Begin with the line below holding "Vintage Dragon Stud Earrings" and go on through the line holding "Old wood house 3d model", duplicating each line exactly and leaving out pictures.

[Image-text web data]
━━━━

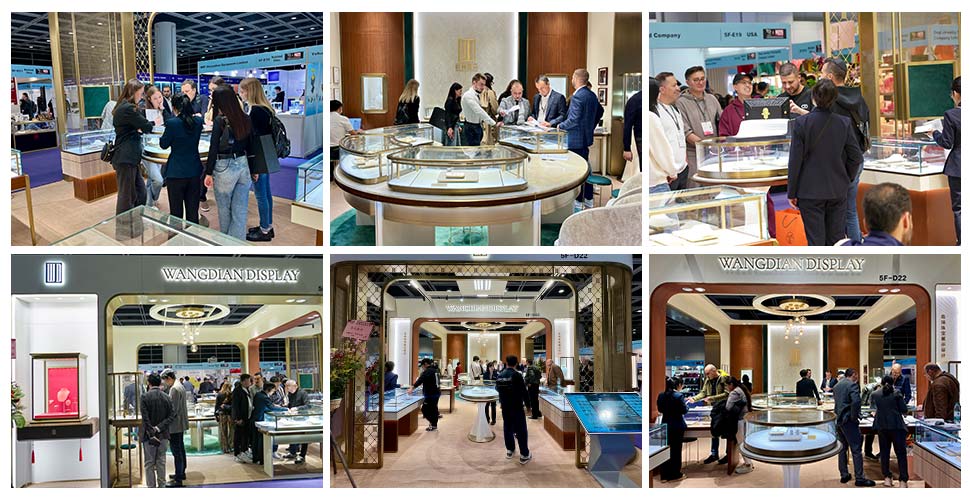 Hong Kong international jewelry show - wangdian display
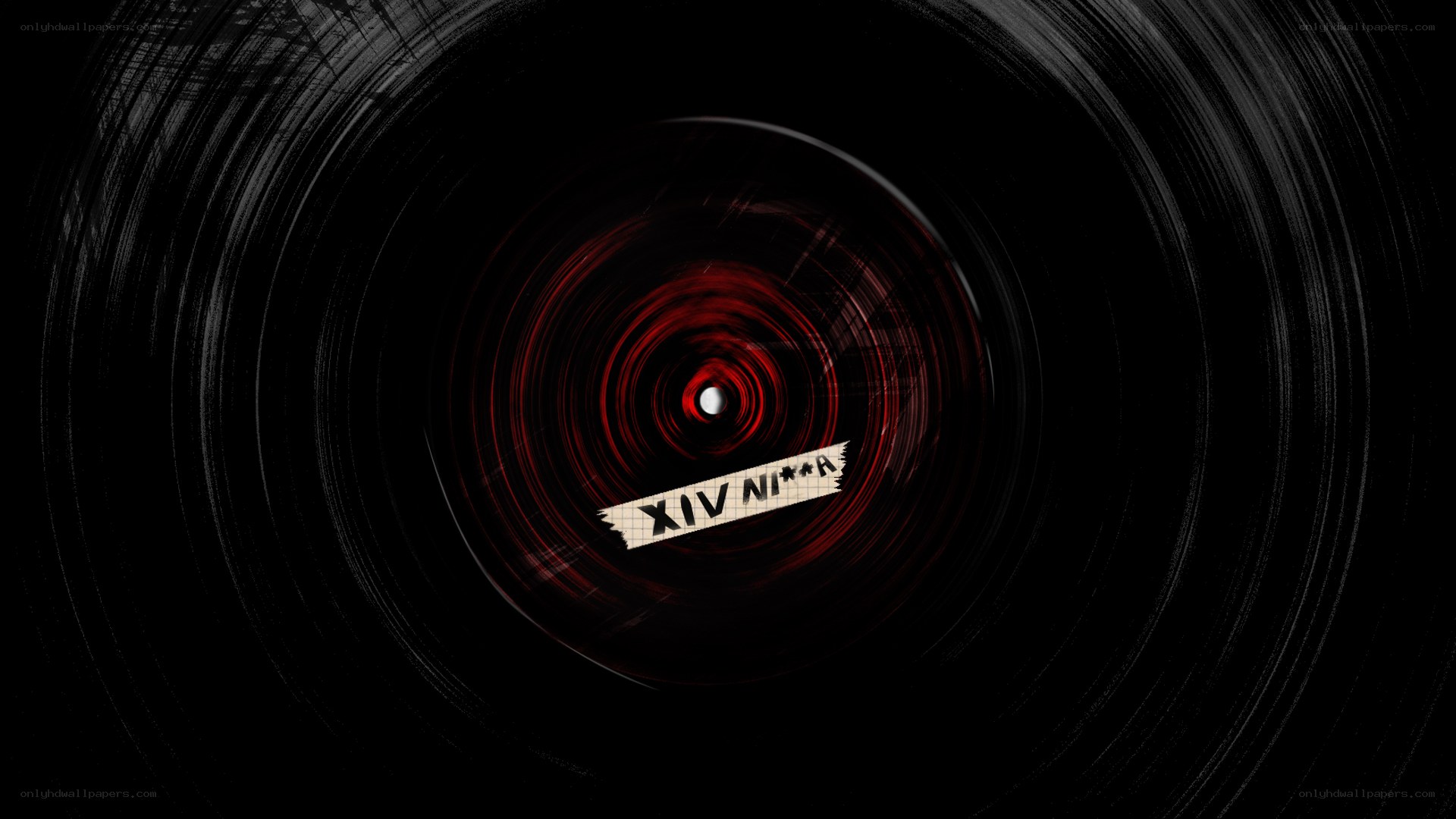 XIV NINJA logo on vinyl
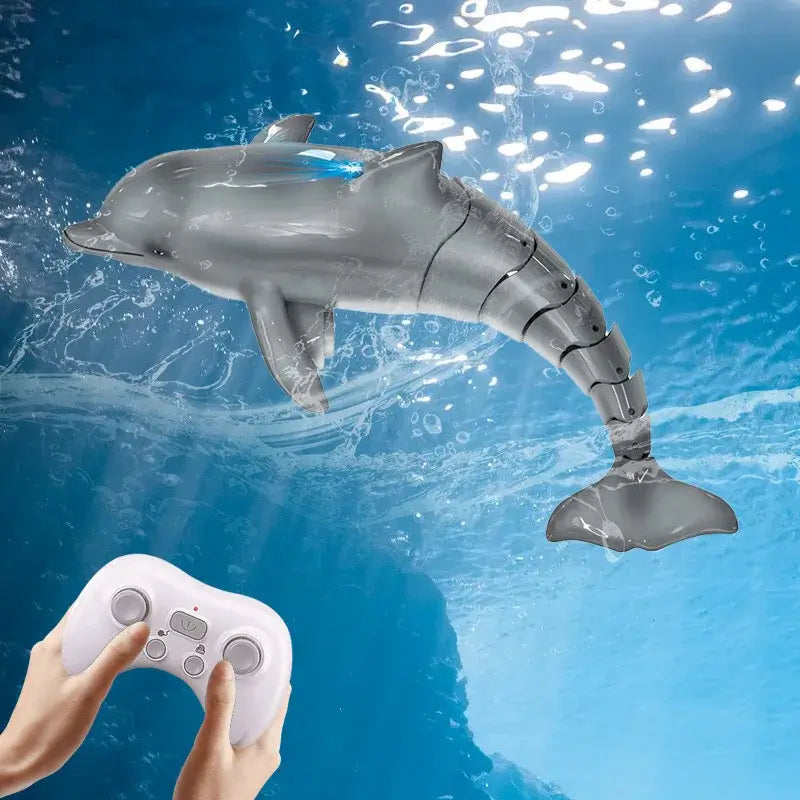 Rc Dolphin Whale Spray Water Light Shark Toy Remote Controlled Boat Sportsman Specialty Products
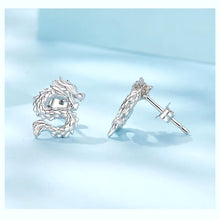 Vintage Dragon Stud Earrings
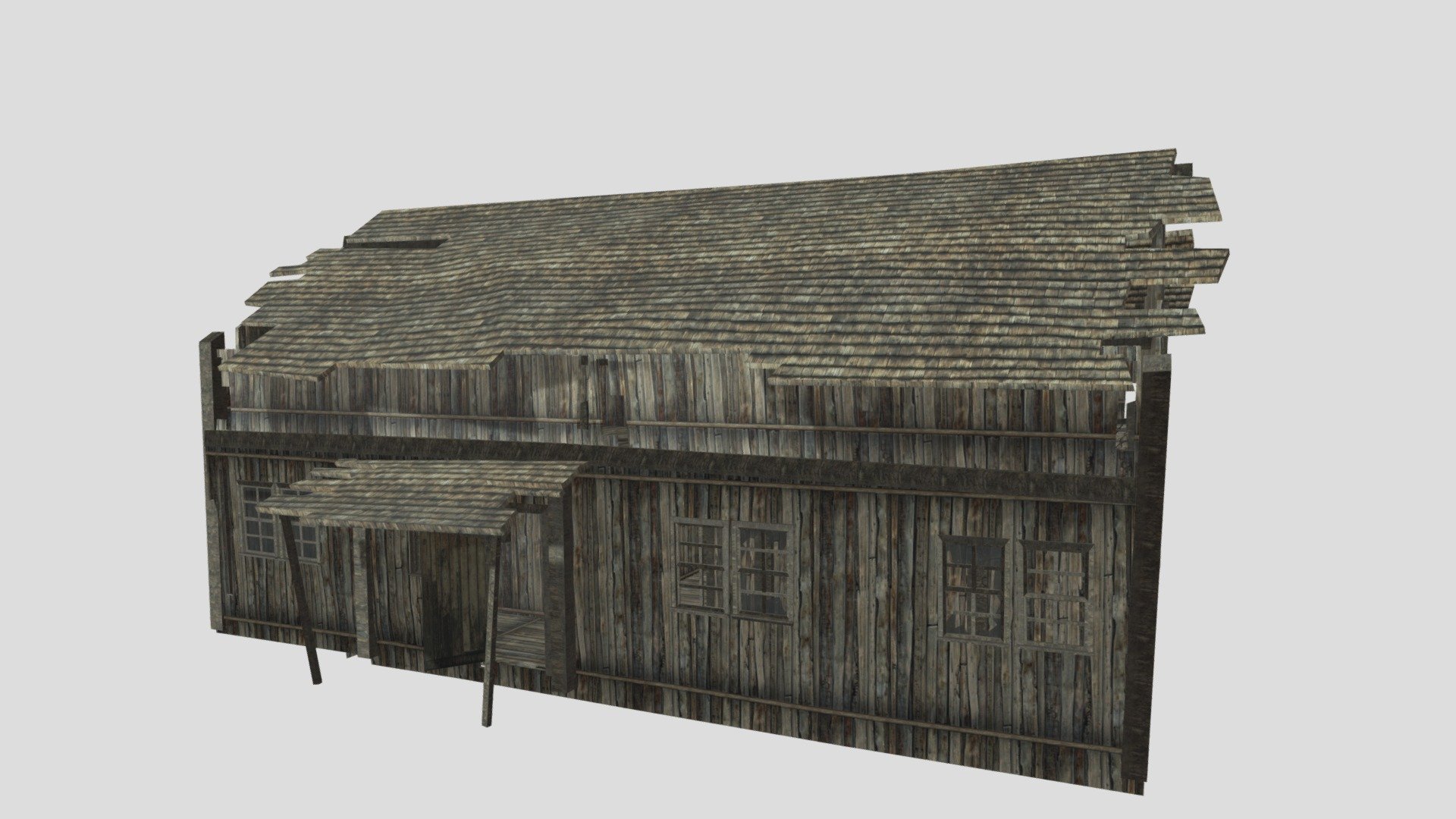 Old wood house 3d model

━━━━

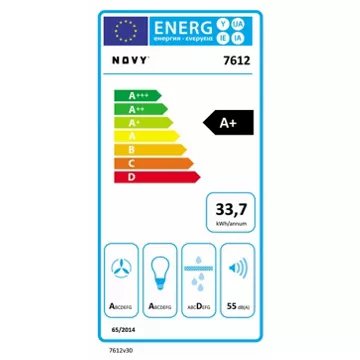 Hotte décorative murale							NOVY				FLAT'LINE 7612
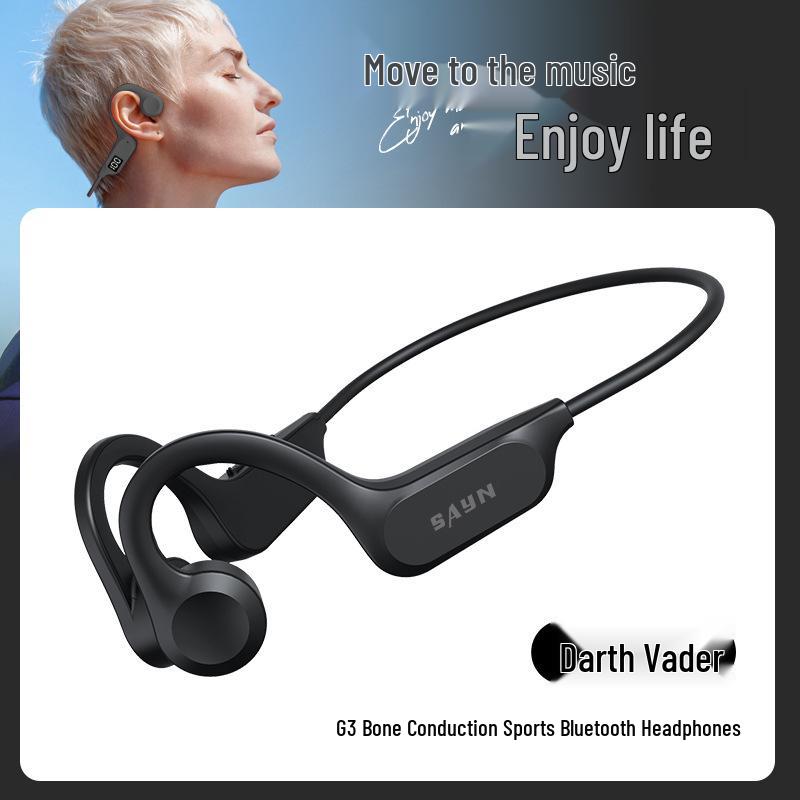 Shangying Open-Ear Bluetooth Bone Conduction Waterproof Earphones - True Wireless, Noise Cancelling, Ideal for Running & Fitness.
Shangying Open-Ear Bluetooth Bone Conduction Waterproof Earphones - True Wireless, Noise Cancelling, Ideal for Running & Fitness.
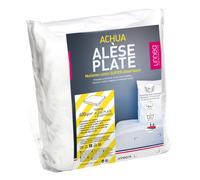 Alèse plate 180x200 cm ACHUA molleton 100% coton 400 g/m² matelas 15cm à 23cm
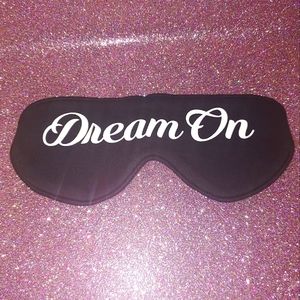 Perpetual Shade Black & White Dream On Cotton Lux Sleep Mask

━━━━

- Your response -
 Vintage Dragon Stud Earrings
 Old wood house 3d model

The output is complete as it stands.